• [Saved data entries]:
((

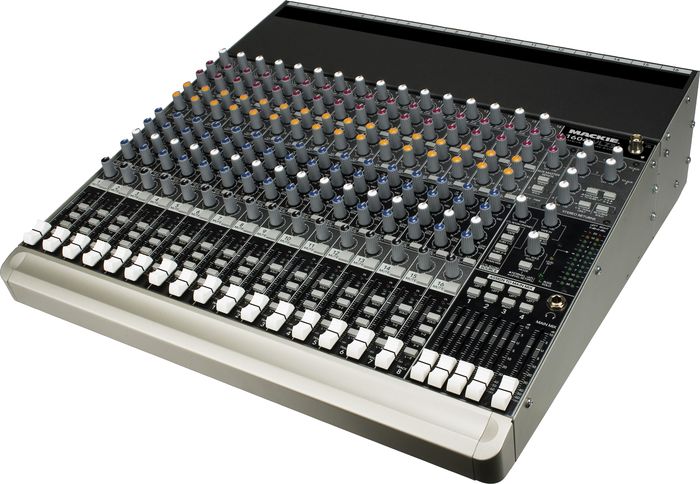 Mackie 1604-VLZ3 Premium 16-Channel/4-Bus Compact Mixer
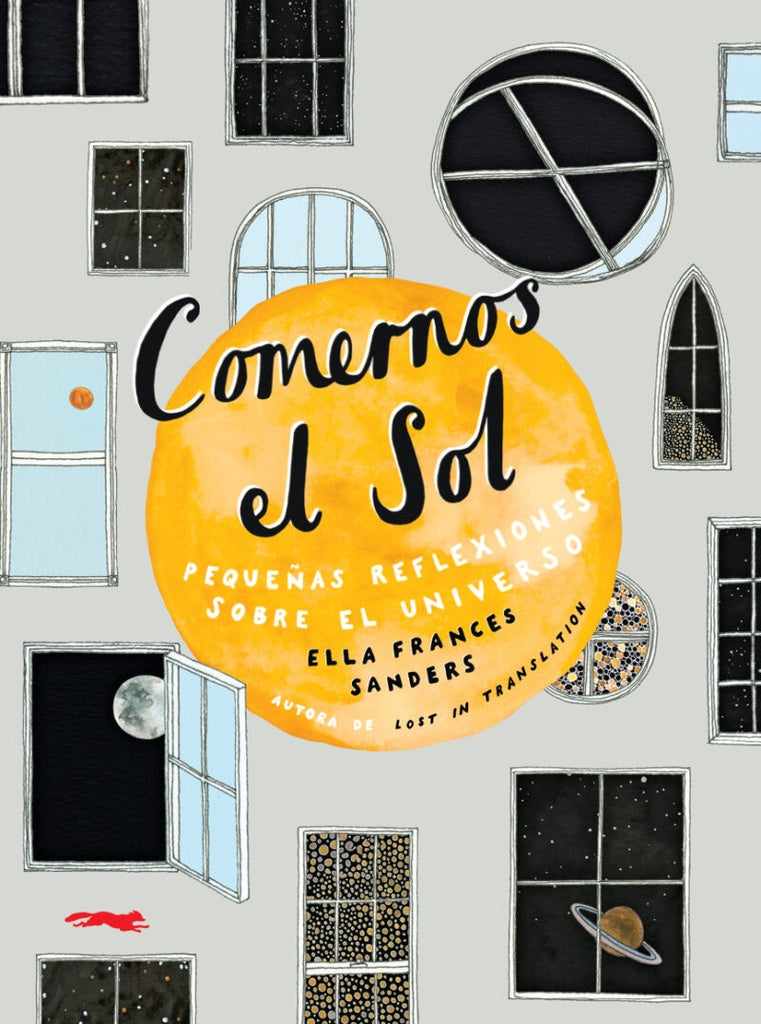 COMERNOS EL SOL | Ella Frances Sanders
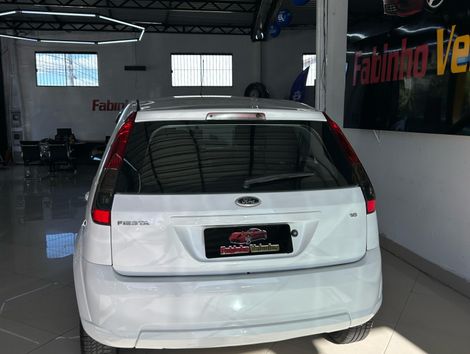 Ford Fiesta 1.6 8V Flex/Class 1.6 8V Flex 5p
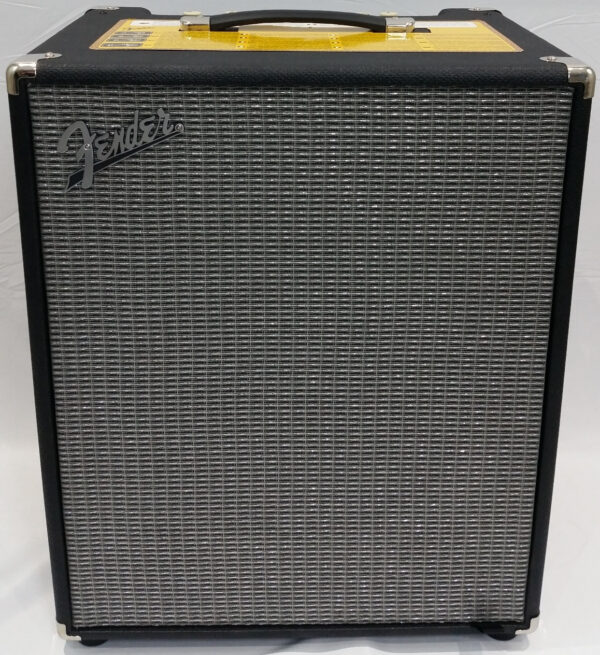 Fender Rumble 200 V3 Bass Combo Amp - 15" Eminence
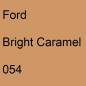 Preview: Ford, Bright Caramel, 054.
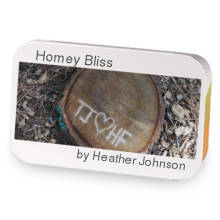 Homey Bliss sample blend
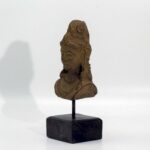 Среќна Јава Принцеза на постамент- Сива - Image 4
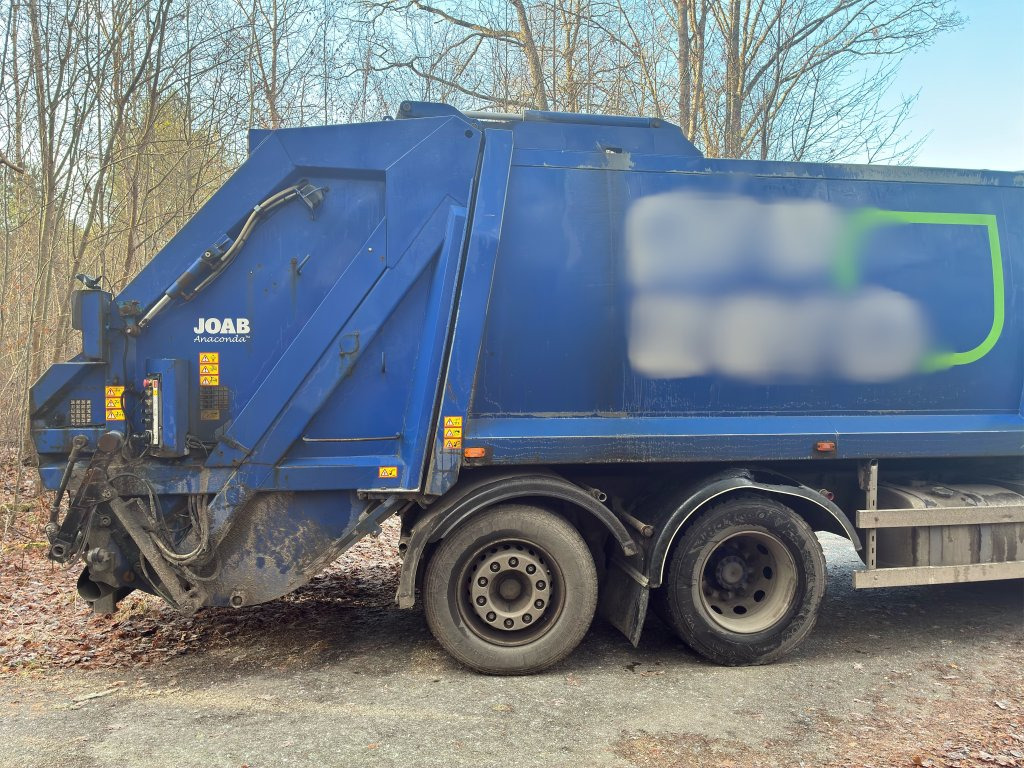 VOLVO FE-320 6*2 - شاحنة: صور 5 VOLVO FE-320 6*2 - شاحنة: صور 5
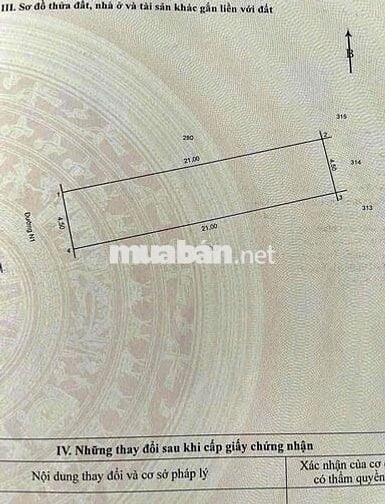 BÁN GẤP 2 NỀN LIỀN KỀ ĐƯỜNG N1 GẦN TTHC TỈNH, P.  LONG CHÂU, VĨNH LONG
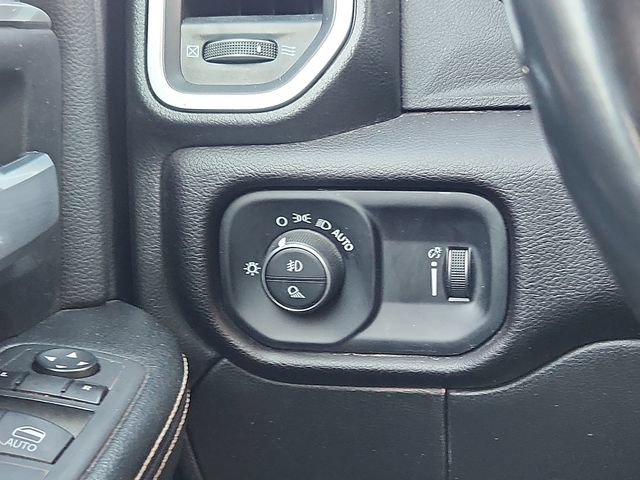 Used 2022 RAM 3500 Big Horn w/ Level A Equipment Group AWD/4WD image 12
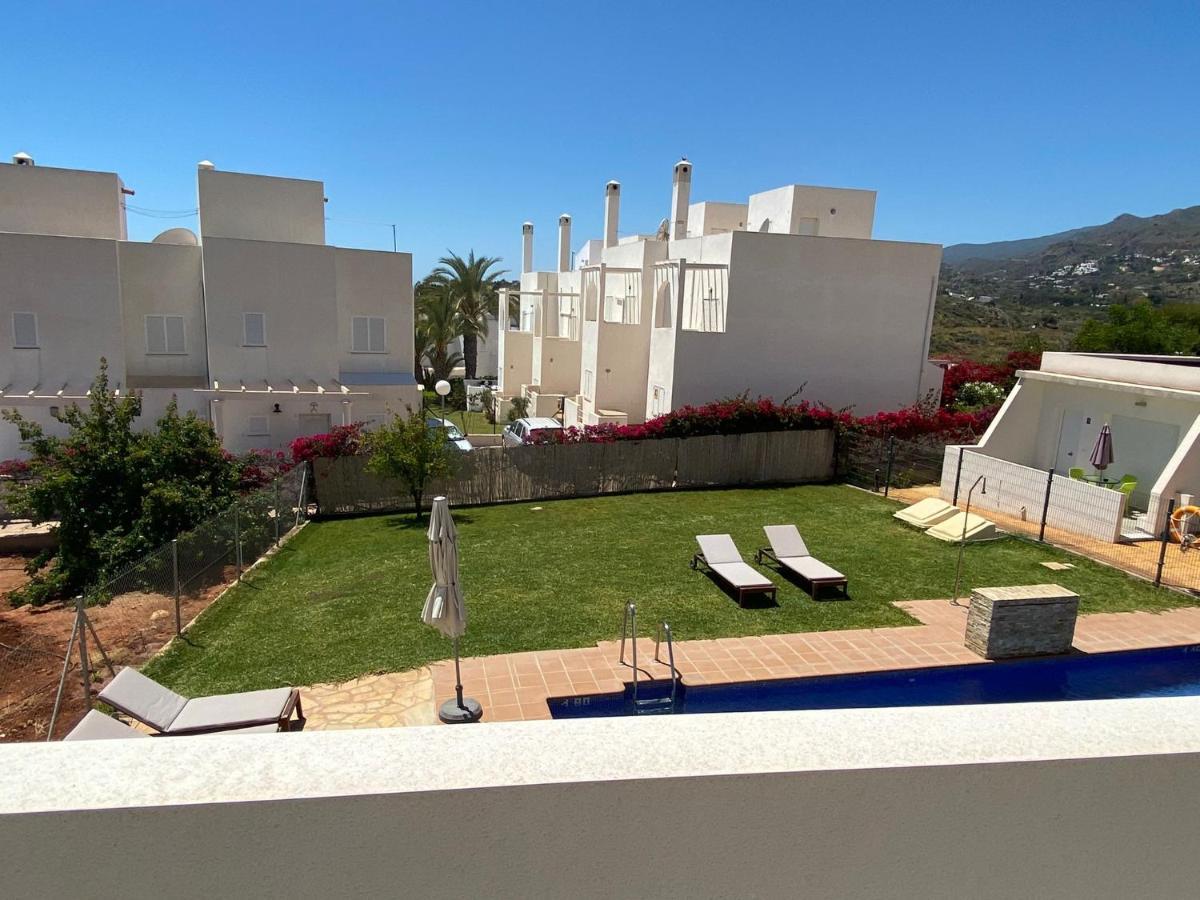 Mda Playa Del Cantal Aparthotel Mojacar Exterior photo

))

• [Task to complete]: Exactly the lines from the one holding "COMERNOS EL SOL | Ella Frances Sanders" through the last line of the entries, both included, are to be duplicated; leave the pictures out.

• [Result for this exercise]:
 COMERNOS EL SOL | Ella Frances Sanders
 Ford Fiesta 1.6 8V Flex/Class 1.6 8V Flex 5p
 Fender Rumble 200 V3 Bass Combo Amp - 15" Eminence
 Preview: Ford, Bright Caramel, 054.
 Homey Bliss sample blend
 Среќна Јава Принцеза на постамент- Сива - Image 4
 VOLVO FE-320 6*2 - شاحنة: صور 5 VOLVO FE-320 6*2 - شاحنة: صور 5
 BÁN GẤP 2 NỀN LIỀN KỀ ĐƯỜNG N1 GẦN TTHC TỈNH, P.  LONG CHÂU, VĨNH LONG
 Used 2022 RAM 3500 Big Horn w/ Level A Equipment Group AWD/4WD image 12
 Mda Playa Del Cantal Aparthotel Mojacar Exterior photo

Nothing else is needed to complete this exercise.